#### What you are asked to do:
Given the entries that follow, write out exactly the lines starting at the one containing "Bambu Lab PETG-HF Forest Green Filament 1.75mm 1kg –" and ending at the one containing "INFANZIA Kids Travel", both ends included, and only those.

#### Data:
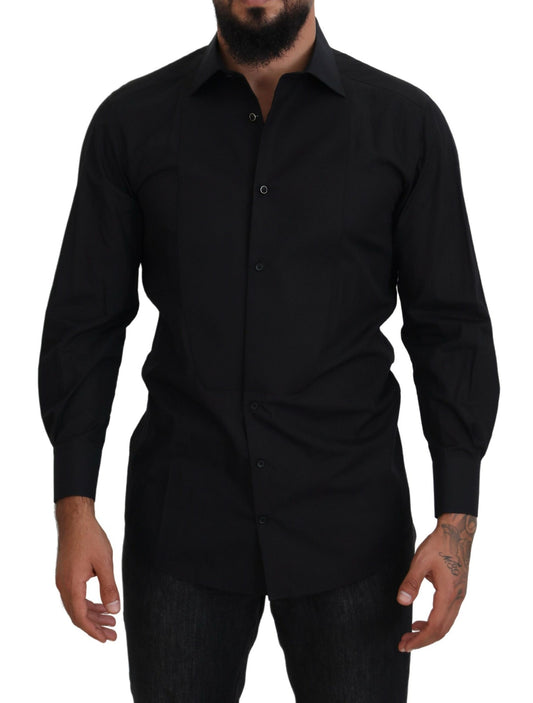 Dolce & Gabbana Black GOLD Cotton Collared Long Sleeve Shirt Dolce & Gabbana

---

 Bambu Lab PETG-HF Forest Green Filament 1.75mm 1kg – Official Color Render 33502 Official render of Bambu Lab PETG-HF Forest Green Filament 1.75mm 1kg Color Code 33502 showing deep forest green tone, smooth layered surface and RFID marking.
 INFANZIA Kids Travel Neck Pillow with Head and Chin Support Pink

#### Written reply:
 Bambu Lab PETG-HF Forest Green Filament 1.75mm 1kg – Official Color Render 33502 Official render of Bambu Lab PETG-HF Forest Green Filament 1.75mm 1kg Color Code 33502 showing deep forest green tone, smooth layered surface and RFID marking.
 INFANZIA Kids Travel Neck Pillow with Head and Chin Support Pink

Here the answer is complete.